Pourquoi ? Tout simplement parce que « la personne principale ne pouvait décemment pas être intègre », et qu’« il fallait bien le montrer sans que ça se sache ». La solution est de « dire “intégrale” quand on veut dire “intègre” ». Ainsi fonctionne la fantaisie de Nathalie Quintane. Les images et inventions sortent comme si « devant un tas de dominos vous piochez à toute berzingue ». Mais, pour décider de la pièce qu’il faut placer, c’est le langage qui impose ses règles. L’imagination apporte ses trouvailles folles que l’autrice agence avec la plus rigoureuse précision. Soit un torse, donc, ministériel. Celui d’un homme maniaque. Ne serait-il pas, alors, épilé ? Nathalie Quintane l’imagine donc sur le chemin de l’Élysée se faisant arracher à la pince sa pilosité par son secrétaire, puis tentant de surmonter rougeurs et inflammations. Suivant les moments, on le voit dans une apparence corporelle ordinaire, consultant son téléphone ou veillant à l’alignement des boutons de sa chemise, ou sans bras ni jambes.


Un logiciel qui intervertit la Belgique et la France

Une logique à la Gogol - on pense au Nez - préside à cette « anomalie » que personne ne remarque. On le retrouvera « en torse » dans une autre partie du récit, coincé à l’Élysée par des citoyens plus ou moins en colère qui le gavent pour prouver au pays « qu’il n’a pas été maltraité », dans une scène de « grande bouffe » plus burlesque et cruelle encore que celle de l’épilation.
Entre-temps, un nouveau personnage a surgi du passé. Lucile Franque, peintre - réelle - méconnue, installée à Passy dans la communauté des « Méditateurs » ou des « Barbus », des élèves dissidents de David, partisans d’une peinture romantique illustrée par des nus aux corps lisses en pâmoison. Avec la narratrice s’engage une discussion sur l’art. Mais nous sommes dans la science-fiction : un brouillard épais et chaud a envahi Paris. Impossible de faire visiter la ville du XXIe siècle à la voyageuse du Directoire. On utilisera donc le GPS et un logiciel aux effets étonnants, qui entre autres intervertit la Belgique et la France. Nos deux amies réussiront-elles à retrouver l’Élysée, ses cuisines et leur ministre ?

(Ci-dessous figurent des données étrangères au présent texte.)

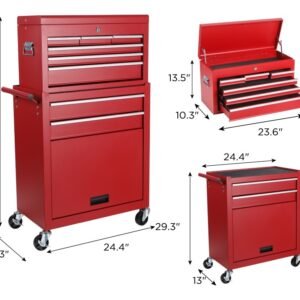 8 DRAWERS TOOL CABINET COMBO - Image 4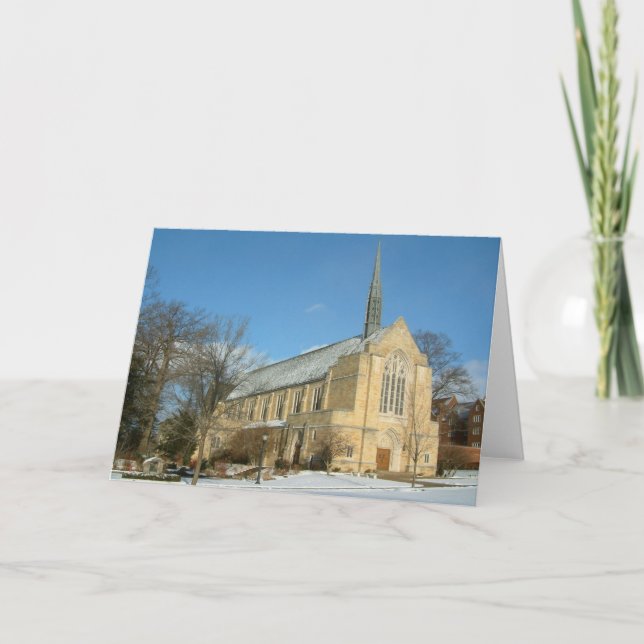 Carte Chapelle Harbison en hiver au Grove City College (Devant)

Soumise à la logique du signe de la littérature aux libellés cartographiques - et de ses potentiels, cette fiction apparemment déjantée reste cohérente et avec le travail littéraire de Nathalie Quintane, et avec ses positions politiques joyeusement ravageuses. On lira ainsi Que faire des classes moyennes ? réédité en poche chez P.O.L. Mais elle reste légère et drôle malgré la gravité des temps. Tout se passe bien quand on lit Nathalie Quintane.